Deeper Network: The Demise of VPN Services

Key Points

  • “Unquestionably, the digital landscape has become a dangerous environment that must be navigated with the utmost caution.”
  • “Deeper has a three-part solution to accomplish this through a decentralized private network (DPN), decentralized web, and decentralized gateway.”
  • “Deeper Network’s hardware and software solutions seek to combat the internet status quo and add exciting decentralized Web 3.0 features through blockchain enabled technology.”

Government encroachment on civil liberties is a part of the political status quo whether you live in developed or developing nations. Every few months or so headlines can be read with a tone of astonishment that another nation has shutdown internet connections, intruded on its citizenry’s data privacy, or limited the way capital flows into and out of it. Locally, internet service providers are bemoaned for inconsistent performance and cyber thieves continuously hunt for another victim’s personally identifiable information. Unquestionably, the digital landscape has become a dangerous environment that must be navigated with the utmost caution. Deeper Network (“Deeper”) seeks to “build a Web 3.0 infrastructure and an accessible gateway for everyone to join it” to gird consumers’ digital loins.

Deeper has a three-part solution to accomplish this through a decentralized private network (DPN), decentralized web, and decentralized gateway. The DPN is the flagship of the three and shares many similarities with The Onion Router (TOR). In the words of Deeper, a “Decentralized Private Network is a P2P decentralized bandwidth sharing network for bypassing censorship and ensuring privacy. The network is server-less and distributed; user data can never be logged, leaked, hacked, or subpoenaed. Each node operator is empowered to be both a client and a server; node operators earn mining rewards for contributing bandwidth to the network. Mining incentivization ensures the robustness of the network compared to traditional P2P networking models.” To currently access this DPN, users must possess one of Deeper’s decentralized gateway devices.

The decentralized gateway centers around the Deeper Connect hardware device family that ranges in size and bandwidth capability. These hardware devices serve the purpose of network nodes. “Each Deeper node is a next-generation firewall (NGFW) serving to prevent network attacks via network scanning: overflow attacks, injection attacks, denial of service attacks, and so on.” As previously mentioned, node owners also earn mining rewards for maintaining their hardware’s connection to the internet. This decentralized gateway also has a software component in the form of a decentralized app (dapp) store. This dapp store will offer Web 3.0 and Polkadot ecosystem-based services that include decentralized finance, non-fungible token minting, decentralized data storage, data identity management, etc.

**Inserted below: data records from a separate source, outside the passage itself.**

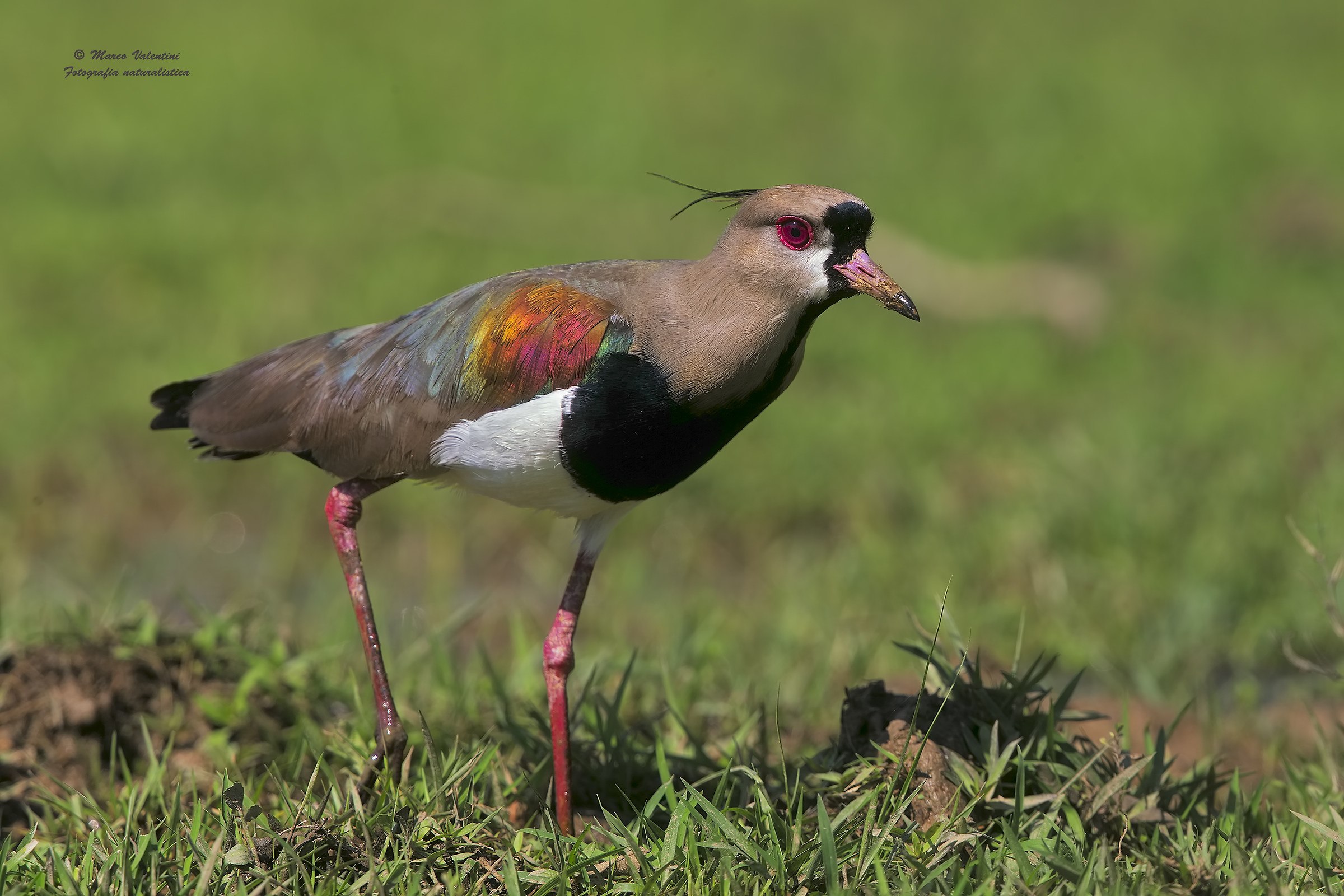 Vanellus Tricolor)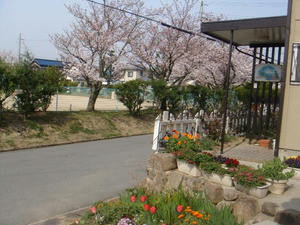 DSC00548.JPG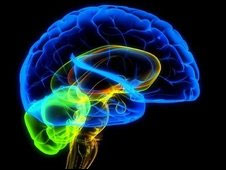 [impacto+cerebro.jpg]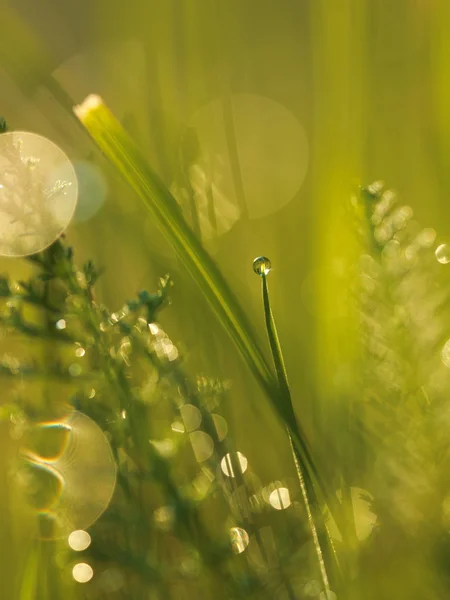 Tráva s kapkami rosy — Stock fotografie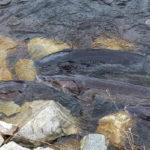 A Comprehensive Guide to Sturgeon Spawning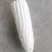 白玉米
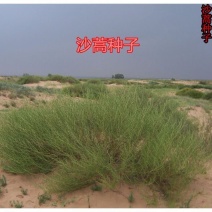 沙蒿种子别名:漠蒿种子、薄蒿、草蒿、荒地蒿、荒漠蒿种子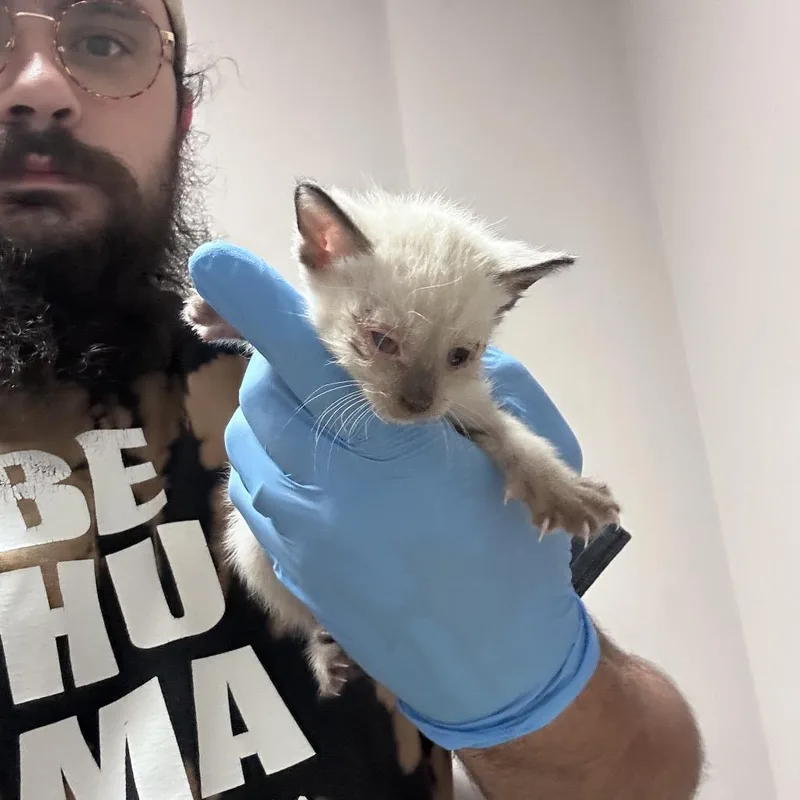 A baby small-sized female Domestic Short Hair cat named Clone for adoption in Yuma, AZ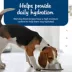 Blue Buffalo Blue's Stew Variety Pack Adult Dog Wet Food - Chicken & Beef, 12.5 oz image thumbnail 7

The final part of this solution is a decentralized domain name system and content delivery network (dDNS/dCDN). DNS and CDN are protocols utilized by today’s internet infrastructure. However, this infrastructure is centralized and therefore “makes the internet extremely fragile, and prone to censorship and attacks.” In addition to a more robust infrastructure, dDNS/dCDN provides faster edge access to cached content via storage in localized cloud servers which results in a much faster web browsing experience.

To support the implementation of this three-part solution, Deeper Network has created an economic incentive for its node operators. It accomplishes this through Deeper (DPR) tokens. The basic use case for DPR tokens is they can be earned and spent via sharing or consuming bandwidth on the network. In addition to this, DPR can be used and earned through a variety of means that are beyond the scope of this article. In essence, the DPR token goes beyond a simple financial incentive system by having multiple use cases for interacting with and improving the network’s three components. To effectively facilitate network operations, Deeper has developed a core technology stack comprised of: Atom OS, Deeper Chain, Proof of Credit consensus, Trident Protocol, and Deeper SoC. Put simply, these core technologies are the machinery behind the curtain and to explain each one would once again be beyond the scope of this article.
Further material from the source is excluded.